In 2017, Dassey's legal team attempted to get his conviction overturned, citing "the leading, the fact-feeding, the false promises, the manipulation of Dassey's desire to please" among many factors which argued Dassey involuntarily confessed to the murder.
The appeal was rejected after judges ruled Dassey had spoken "'freely' after Miranda warnings with his mother's consent."
In a statement following this decision, Nirider said she would "continue to fight for Brendan and the many other children who have been wrongfully convicted due to the use of coercive interrogation tactics."
Nirider said this is a problem which isn't unique to Dassey's case. "Over the past 20 years, extensive empirical and psychological research has shown that children under 18 are between three and four times more likely to falsely confess than adults - and yet the criminal justice system fails many of them. It's up to the courts to put an end to this."

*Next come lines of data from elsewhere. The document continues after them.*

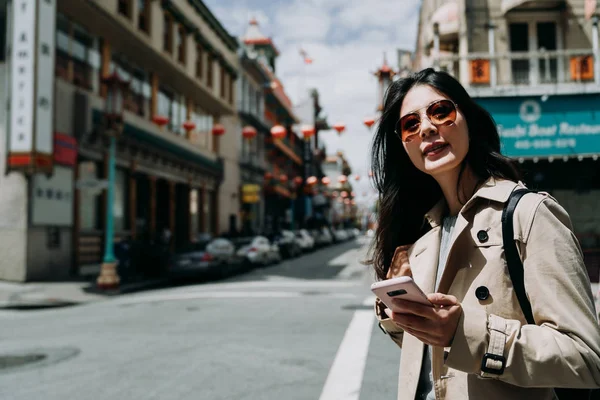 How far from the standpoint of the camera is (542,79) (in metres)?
19.7

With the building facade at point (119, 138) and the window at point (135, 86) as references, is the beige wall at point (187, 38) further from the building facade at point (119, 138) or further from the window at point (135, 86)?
the window at point (135, 86)

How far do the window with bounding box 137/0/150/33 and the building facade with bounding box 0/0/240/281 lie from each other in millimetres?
45

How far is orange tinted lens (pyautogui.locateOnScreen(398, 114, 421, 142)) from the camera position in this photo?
2070 millimetres

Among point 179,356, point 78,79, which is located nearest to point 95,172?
point 78,79

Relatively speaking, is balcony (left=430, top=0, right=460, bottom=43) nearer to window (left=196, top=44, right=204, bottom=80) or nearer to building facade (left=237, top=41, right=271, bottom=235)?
window (left=196, top=44, right=204, bottom=80)

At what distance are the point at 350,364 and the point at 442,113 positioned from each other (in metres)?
4.98

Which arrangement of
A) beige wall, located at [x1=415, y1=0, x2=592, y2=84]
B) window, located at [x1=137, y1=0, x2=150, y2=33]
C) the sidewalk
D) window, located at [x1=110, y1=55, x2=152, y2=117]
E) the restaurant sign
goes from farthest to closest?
1. window, located at [x1=137, y1=0, x2=150, y2=33]
2. window, located at [x1=110, y1=55, x2=152, y2=117]
3. beige wall, located at [x1=415, y1=0, x2=592, y2=84]
4. the restaurant sign
5. the sidewalk

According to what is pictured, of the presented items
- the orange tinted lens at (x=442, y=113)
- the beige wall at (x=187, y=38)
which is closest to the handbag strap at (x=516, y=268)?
the orange tinted lens at (x=442, y=113)

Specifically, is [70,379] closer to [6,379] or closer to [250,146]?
[6,379]

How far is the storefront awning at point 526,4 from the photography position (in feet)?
64.3

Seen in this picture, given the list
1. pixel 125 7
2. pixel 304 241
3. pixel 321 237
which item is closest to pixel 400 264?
pixel 125 7

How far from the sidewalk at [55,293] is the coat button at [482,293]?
13.1 meters

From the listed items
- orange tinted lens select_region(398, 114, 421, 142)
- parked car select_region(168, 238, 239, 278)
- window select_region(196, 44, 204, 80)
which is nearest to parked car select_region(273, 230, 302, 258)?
window select_region(196, 44, 204, 80)

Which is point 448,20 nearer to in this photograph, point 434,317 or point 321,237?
point 434,317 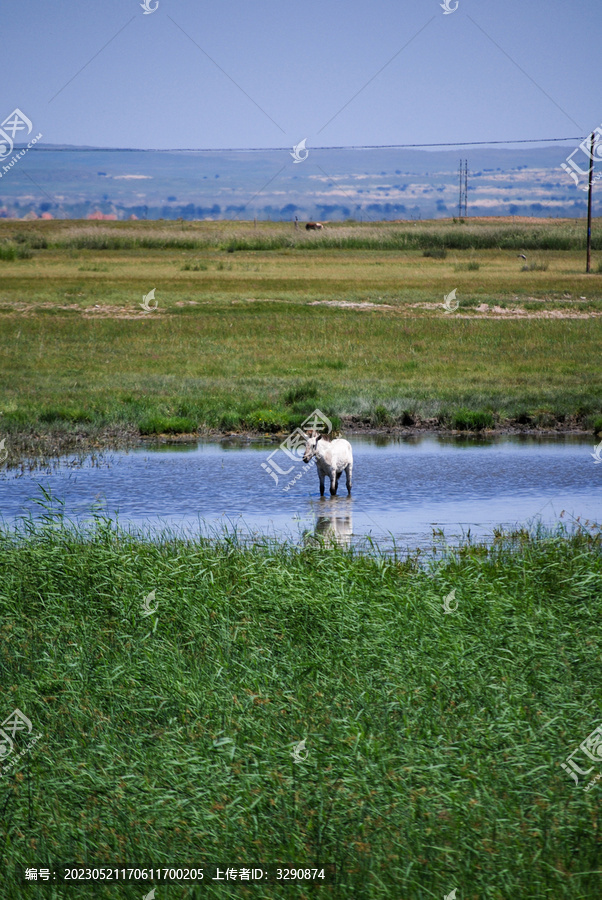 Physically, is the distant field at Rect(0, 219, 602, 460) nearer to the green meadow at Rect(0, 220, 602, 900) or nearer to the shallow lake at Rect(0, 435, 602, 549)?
the shallow lake at Rect(0, 435, 602, 549)

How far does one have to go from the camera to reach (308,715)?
23.7 feet

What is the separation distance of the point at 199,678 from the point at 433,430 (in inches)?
673

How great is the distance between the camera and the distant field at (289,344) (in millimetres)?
25438

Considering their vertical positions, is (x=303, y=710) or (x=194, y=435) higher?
(x=194, y=435)

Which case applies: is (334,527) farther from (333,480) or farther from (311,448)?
(311,448)

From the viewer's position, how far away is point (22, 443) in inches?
869

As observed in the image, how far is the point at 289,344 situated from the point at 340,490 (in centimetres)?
1939

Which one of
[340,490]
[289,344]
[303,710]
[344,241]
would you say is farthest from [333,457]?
[344,241]

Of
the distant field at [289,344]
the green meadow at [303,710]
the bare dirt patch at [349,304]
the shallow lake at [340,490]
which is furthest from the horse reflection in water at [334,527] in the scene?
the bare dirt patch at [349,304]

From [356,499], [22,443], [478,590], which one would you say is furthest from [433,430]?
[478,590]

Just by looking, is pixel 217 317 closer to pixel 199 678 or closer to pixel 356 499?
pixel 356 499

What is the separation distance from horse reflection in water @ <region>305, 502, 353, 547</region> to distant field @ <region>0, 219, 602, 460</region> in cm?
894

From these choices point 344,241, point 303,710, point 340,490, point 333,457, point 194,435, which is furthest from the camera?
point 344,241

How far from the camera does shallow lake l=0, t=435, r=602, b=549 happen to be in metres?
14.5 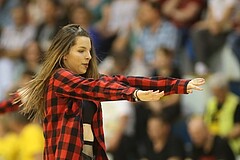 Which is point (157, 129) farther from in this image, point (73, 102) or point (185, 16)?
point (73, 102)

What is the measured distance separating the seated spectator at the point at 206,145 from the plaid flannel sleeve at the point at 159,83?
10.3ft

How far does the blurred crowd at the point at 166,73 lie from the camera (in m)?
7.45

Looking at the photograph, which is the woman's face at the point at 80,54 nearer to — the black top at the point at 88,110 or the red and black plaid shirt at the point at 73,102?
the red and black plaid shirt at the point at 73,102

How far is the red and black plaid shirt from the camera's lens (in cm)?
396

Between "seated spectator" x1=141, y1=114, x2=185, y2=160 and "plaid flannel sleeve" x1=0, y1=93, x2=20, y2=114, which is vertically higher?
"plaid flannel sleeve" x1=0, y1=93, x2=20, y2=114

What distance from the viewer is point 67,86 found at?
4.06 meters

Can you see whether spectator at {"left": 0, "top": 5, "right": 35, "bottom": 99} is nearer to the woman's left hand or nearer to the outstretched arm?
the outstretched arm

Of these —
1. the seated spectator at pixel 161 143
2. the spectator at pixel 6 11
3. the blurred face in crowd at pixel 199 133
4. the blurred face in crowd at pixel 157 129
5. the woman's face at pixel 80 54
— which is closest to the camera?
the woman's face at pixel 80 54

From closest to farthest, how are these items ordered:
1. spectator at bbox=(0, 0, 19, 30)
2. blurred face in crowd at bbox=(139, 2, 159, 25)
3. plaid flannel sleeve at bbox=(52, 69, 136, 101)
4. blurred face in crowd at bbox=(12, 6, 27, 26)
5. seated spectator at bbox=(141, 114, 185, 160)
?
plaid flannel sleeve at bbox=(52, 69, 136, 101), seated spectator at bbox=(141, 114, 185, 160), blurred face in crowd at bbox=(139, 2, 159, 25), blurred face in crowd at bbox=(12, 6, 27, 26), spectator at bbox=(0, 0, 19, 30)

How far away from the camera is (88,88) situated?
3.95 metres

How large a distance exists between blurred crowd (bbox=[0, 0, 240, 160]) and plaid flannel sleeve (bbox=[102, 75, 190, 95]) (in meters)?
2.96

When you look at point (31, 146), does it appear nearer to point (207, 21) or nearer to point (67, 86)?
point (207, 21)

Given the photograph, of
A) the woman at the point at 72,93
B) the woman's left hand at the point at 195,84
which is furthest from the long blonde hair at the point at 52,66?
the woman's left hand at the point at 195,84

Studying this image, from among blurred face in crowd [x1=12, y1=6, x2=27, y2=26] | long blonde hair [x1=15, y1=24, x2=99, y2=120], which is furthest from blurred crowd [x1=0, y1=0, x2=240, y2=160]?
long blonde hair [x1=15, y1=24, x2=99, y2=120]
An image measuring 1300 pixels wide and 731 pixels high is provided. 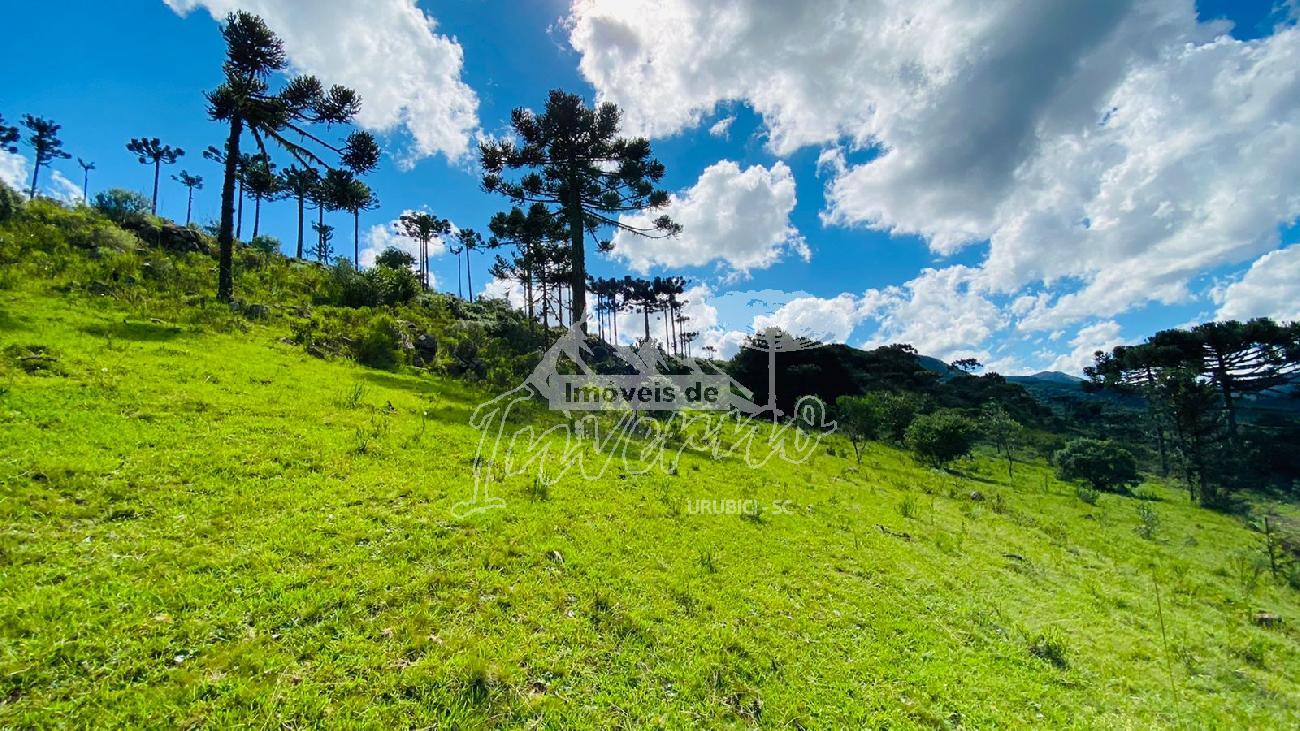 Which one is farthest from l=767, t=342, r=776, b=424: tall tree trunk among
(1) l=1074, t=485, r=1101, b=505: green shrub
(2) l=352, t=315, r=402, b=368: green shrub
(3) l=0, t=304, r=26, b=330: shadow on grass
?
(3) l=0, t=304, r=26, b=330: shadow on grass

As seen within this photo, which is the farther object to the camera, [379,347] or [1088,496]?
[1088,496]

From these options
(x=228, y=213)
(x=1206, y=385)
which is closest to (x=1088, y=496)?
(x=1206, y=385)

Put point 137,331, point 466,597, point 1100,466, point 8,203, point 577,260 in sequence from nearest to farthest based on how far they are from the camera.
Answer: point 466,597 → point 137,331 → point 8,203 → point 577,260 → point 1100,466

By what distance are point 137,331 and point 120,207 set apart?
17.5m

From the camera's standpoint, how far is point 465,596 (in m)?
5.81

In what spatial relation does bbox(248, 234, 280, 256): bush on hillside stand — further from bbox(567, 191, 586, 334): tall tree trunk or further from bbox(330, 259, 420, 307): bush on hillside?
bbox(567, 191, 586, 334): tall tree trunk

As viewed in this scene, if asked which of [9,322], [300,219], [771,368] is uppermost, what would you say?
[300,219]

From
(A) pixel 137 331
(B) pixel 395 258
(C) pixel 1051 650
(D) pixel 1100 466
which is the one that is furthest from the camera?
(B) pixel 395 258

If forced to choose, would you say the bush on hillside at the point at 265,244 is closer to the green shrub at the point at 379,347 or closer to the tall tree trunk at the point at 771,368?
the green shrub at the point at 379,347

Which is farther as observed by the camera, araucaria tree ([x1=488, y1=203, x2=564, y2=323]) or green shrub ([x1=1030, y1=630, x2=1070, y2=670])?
araucaria tree ([x1=488, y1=203, x2=564, y2=323])

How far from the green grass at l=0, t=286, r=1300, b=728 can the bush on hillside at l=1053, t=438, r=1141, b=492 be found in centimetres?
2470

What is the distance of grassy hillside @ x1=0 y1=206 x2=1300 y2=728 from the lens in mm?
4293

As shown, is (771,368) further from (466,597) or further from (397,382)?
(466,597)

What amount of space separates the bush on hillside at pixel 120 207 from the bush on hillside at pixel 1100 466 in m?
59.5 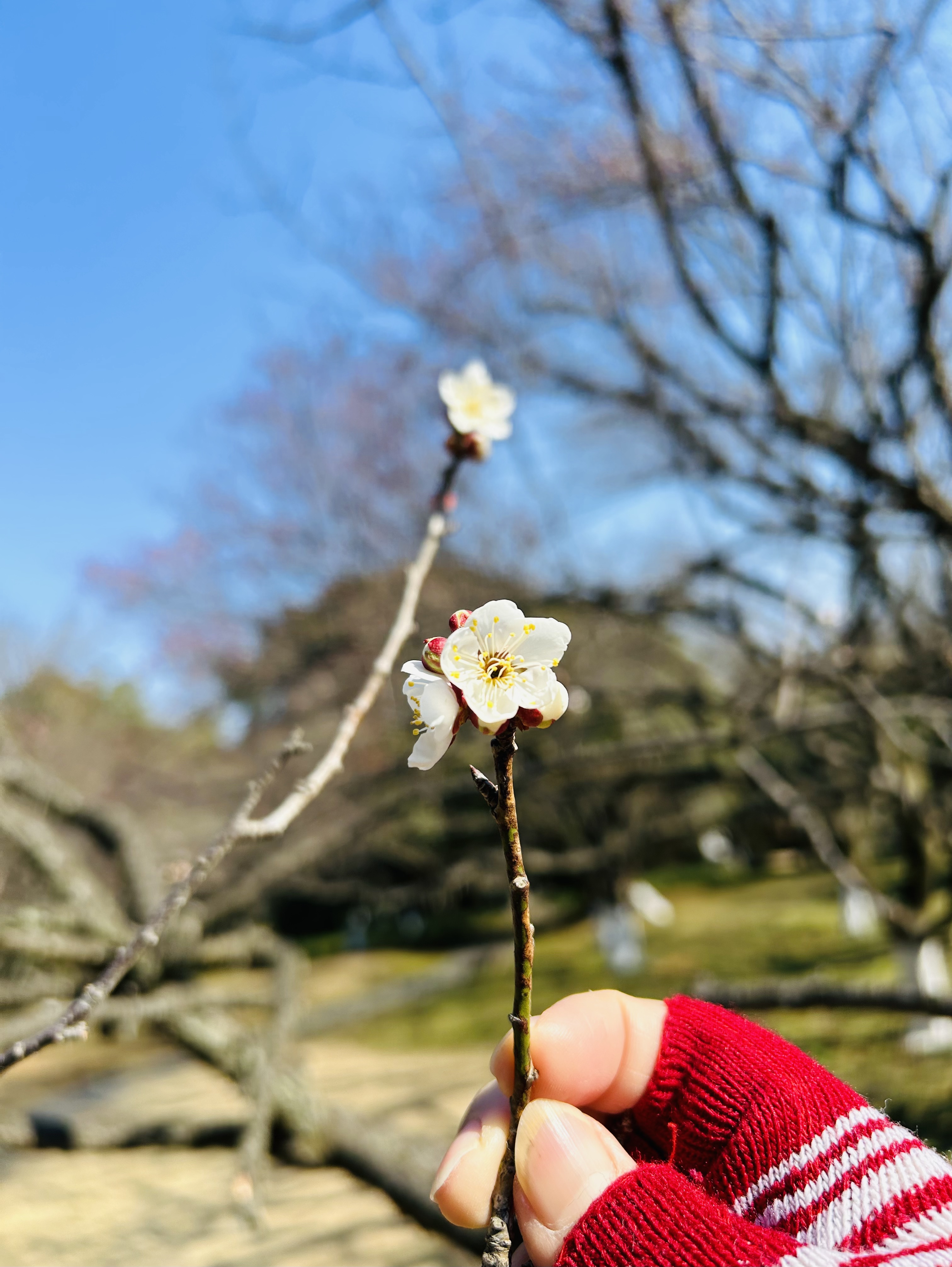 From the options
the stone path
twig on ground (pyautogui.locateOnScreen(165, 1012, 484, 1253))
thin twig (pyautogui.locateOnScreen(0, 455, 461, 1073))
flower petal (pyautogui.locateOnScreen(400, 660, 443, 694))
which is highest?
flower petal (pyautogui.locateOnScreen(400, 660, 443, 694))

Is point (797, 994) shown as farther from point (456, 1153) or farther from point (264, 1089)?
point (264, 1089)

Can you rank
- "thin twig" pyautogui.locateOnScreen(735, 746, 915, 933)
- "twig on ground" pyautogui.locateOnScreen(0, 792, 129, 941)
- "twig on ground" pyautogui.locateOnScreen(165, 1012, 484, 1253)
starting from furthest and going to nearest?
"twig on ground" pyautogui.locateOnScreen(0, 792, 129, 941)
"thin twig" pyautogui.locateOnScreen(735, 746, 915, 933)
"twig on ground" pyautogui.locateOnScreen(165, 1012, 484, 1253)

In August 2017, an "en banc hearing" in the appellate court was granted. "En banc" is french for "on the bench" and it involves a hearing of oral arguments in front of a whole panel of judges, not just one. During this hearing, Judge Ilana Rovner said Brendan Dassey was an "intellectually impaired juvenile" and that "his conviction should not stand."
In December 2017, Brendan Dassey's grant of Habeus (meaning he can stand before a judge to secure his release) was reversed.
The fight has continued all the way to the Supreme Court, with Brendan's legal team now supported by a number of influential people, according to Freedom for Brendan Dassey. That includes: former US Solicitor General and seasoned Supreme Court litigator, Mr Seth Waxman and his team from William, Cutler, Pickering, Hale and Dorr LLP based out of Washington D.C.
The last we heard was Brendan's writ of certiorari (meaning the appellate court decides to review a case at its discretion) was filed with the US Supreme Court on 20th February 2018.
So for now, we'll just need to wait and see.